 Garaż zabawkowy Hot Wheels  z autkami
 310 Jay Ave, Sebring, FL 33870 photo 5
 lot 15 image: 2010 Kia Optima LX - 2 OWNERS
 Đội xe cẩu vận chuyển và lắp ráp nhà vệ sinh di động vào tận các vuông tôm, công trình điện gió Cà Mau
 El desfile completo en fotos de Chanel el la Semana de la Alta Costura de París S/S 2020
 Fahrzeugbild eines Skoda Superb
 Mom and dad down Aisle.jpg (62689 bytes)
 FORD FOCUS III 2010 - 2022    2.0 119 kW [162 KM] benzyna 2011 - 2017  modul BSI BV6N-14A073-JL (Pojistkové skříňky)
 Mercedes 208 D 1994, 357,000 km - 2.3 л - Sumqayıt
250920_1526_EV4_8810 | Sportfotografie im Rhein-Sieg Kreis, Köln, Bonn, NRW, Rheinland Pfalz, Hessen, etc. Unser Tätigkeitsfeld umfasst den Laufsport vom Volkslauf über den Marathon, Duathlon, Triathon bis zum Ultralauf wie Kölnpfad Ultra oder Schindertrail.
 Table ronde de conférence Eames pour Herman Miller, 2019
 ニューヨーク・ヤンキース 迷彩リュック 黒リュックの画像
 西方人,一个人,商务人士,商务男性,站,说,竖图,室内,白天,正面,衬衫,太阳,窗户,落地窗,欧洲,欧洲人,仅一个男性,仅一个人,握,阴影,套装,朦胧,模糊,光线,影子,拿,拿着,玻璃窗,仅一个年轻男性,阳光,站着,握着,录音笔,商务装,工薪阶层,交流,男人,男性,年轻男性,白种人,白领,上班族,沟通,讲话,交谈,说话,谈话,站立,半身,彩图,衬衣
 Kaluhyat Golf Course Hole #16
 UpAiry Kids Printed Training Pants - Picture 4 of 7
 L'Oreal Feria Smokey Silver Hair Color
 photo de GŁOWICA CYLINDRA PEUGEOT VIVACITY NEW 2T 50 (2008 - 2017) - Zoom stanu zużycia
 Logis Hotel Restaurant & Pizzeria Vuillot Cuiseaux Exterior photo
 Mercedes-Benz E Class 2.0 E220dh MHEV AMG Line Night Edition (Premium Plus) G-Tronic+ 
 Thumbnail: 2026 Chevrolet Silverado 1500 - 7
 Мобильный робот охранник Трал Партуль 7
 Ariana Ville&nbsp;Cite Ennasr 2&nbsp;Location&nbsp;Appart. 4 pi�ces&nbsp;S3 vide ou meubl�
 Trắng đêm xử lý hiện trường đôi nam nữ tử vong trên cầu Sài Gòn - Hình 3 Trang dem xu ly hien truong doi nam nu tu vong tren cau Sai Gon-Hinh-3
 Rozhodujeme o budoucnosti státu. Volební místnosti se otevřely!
○ ○ ○
**Directions:**
From the entries above, give again exactly the lines running from the line with "ニューヨーク・ヤンキース 迷彩リュック 黒リュックの画像" to the line with "photo de GŁOWICA"; include both of those lines.

**Reply to the task:**
 ニューヨーク・ヤンキース 迷彩リュック 黒リュックの画像
 西方人,一个人,商务人士,商务男性,站,说,竖图,室内,白天,正面,衬衫,太阳,窗户,落地窗,欧洲,欧洲人,仅一个男性,仅一个人,握,阴影,套装,朦胧,模糊,光线,影子,拿,拿着,玻璃窗,仅一个年轻男性,阳光,站着,握着,录音笔,商务装,工薪阶层,交流,男人,男性,年轻男性,白种人,白领,上班族,沟通,讲话,交谈,说话,谈话,站立,半身,彩图,衬衣
 Kaluhyat Golf Course Hole #16
 UpAiry Kids Printed Training Pants - Picture 4 of 7
 L'Oreal Feria Smokey Silver Hair Color
 photo de GŁOWICA CYLINDRA PEUGEOT VIVACITY NEW 2T 50 (2008 - 2017) - Zoom stanu zużycia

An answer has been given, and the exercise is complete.